En réalité, l’erreur majeure de François Deneyer, outre ses maladresses, a peut-être été d’avoir choisi Bruxelles plutôt que la Wallonie. La capitale belge, du fait de la charge que constitue la Communauté Européenne, a structurellement des difficultés budgétaires et un budget très réduit pour la culture. Sa marge de manœuvre est mince car il n’y a tout simplement pas d’argent. Les musées nationaux, en dehors de ceux qui existent depuis longtemps, ne sont techniquement plus envisageables depuis que le pays a entamé, à partir des années 60, une communautarisation qui revient à laisser aux régions, et à elles seules, le soin de financer leur politique culturelle. Comment les Flamands ou les Germanophones peuvent-ils envisager de subsidier un art wallon ?

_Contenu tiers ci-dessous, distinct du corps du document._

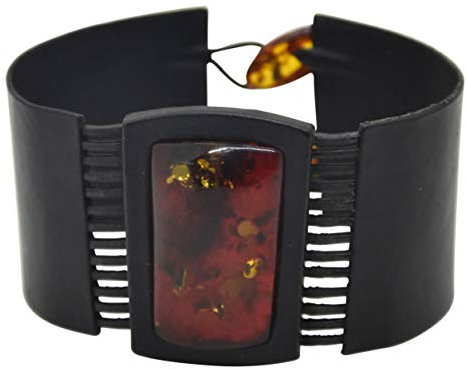 ROTES NATURBERNSTEIN ARMBAND LEDER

Forte de sa légitimité historique, la ville de Charleroi, qui a vu naître les éditions Dupuis et l’Ecole de Marcinelle, a montré en revanche depuis quelques années, grâce au travail de fond de son échevin à la Culture Christian Renard, un intérêt pour maintenir la BD dans le giron wallon. La rencontre récente du bourgmestre de la ville avec les responsables de Média-Participations, leur cycle annuel d’expositions au Palais des Beaux-Arts (Munoz/Breccia puis Alan Moore), leur participation à la Charte des Villes BD et, si l’on en croit le mensuel BoDoï, le mandat donné récemment à Thierry Tinlot pour créer une fête populaire de la BD dans l’ancienne capitale minière, sont autant de signes qui montrent que cette ville est une bonne candidate pour accueillir un tel fond. Encore faut-il que les intentions du créateur du musée Jijé soient plus réalistes et, sans doute, un peu plus transparentes.